Unfortunately, children receive an internal psychological payoff when they believe the abuse is their fault...a false sense of power. The child can let the unfairness and danger of the violence shatter him, or he can tell himself, "I'm not frightened or angry or sad or helpless or innocent. There is nothing wrong with this situation. This is happening to me for a good reason. This is happening to me because I deserve it, because I provoked it, because I was put here on Earth to endure such things. There is really nothing out of the ordinary about this."

The child is doing the best he or she can do to make sense out of the abuse or neglect, by feeling guilty and responsible, thereby holding on to the illusion that he or she is in control of what is truly out of control. This illusion of power seems better than acknowledging that one has no power at all. Such pseudologic quells feelings of hurt, rage, terror, confusion or sadness...rationalizing them into a deep freeze.

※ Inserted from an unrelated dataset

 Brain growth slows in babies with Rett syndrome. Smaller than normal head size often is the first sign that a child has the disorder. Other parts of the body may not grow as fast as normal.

The child's sense of guilt and responsibility is useful to the abusive parent, who believes he isn't abusive..that it is the child who forces him into being abusive. The nonprotective adults want the child to bear the guilt so they won't have to face the harm their neglect is causing. So...the dance of the violent family begins: Children are responsible for adult's behavior...adults are responsible for nothing.

Faced with random, senseless abuse, a child begins to think herself as inherently unlovable.

Believing oneself to be guilty, responsible, or in control of others' hurtful behavior can be a tenacious habit. Many survivors deal with any overwhelming experience - physical illness, abandoment by a friend or spouse, academic or job demands - by "comforting" themselves with the illusion that they are in fact in control and to blame. An enormous amount of energy is sapped by this irrational guilt.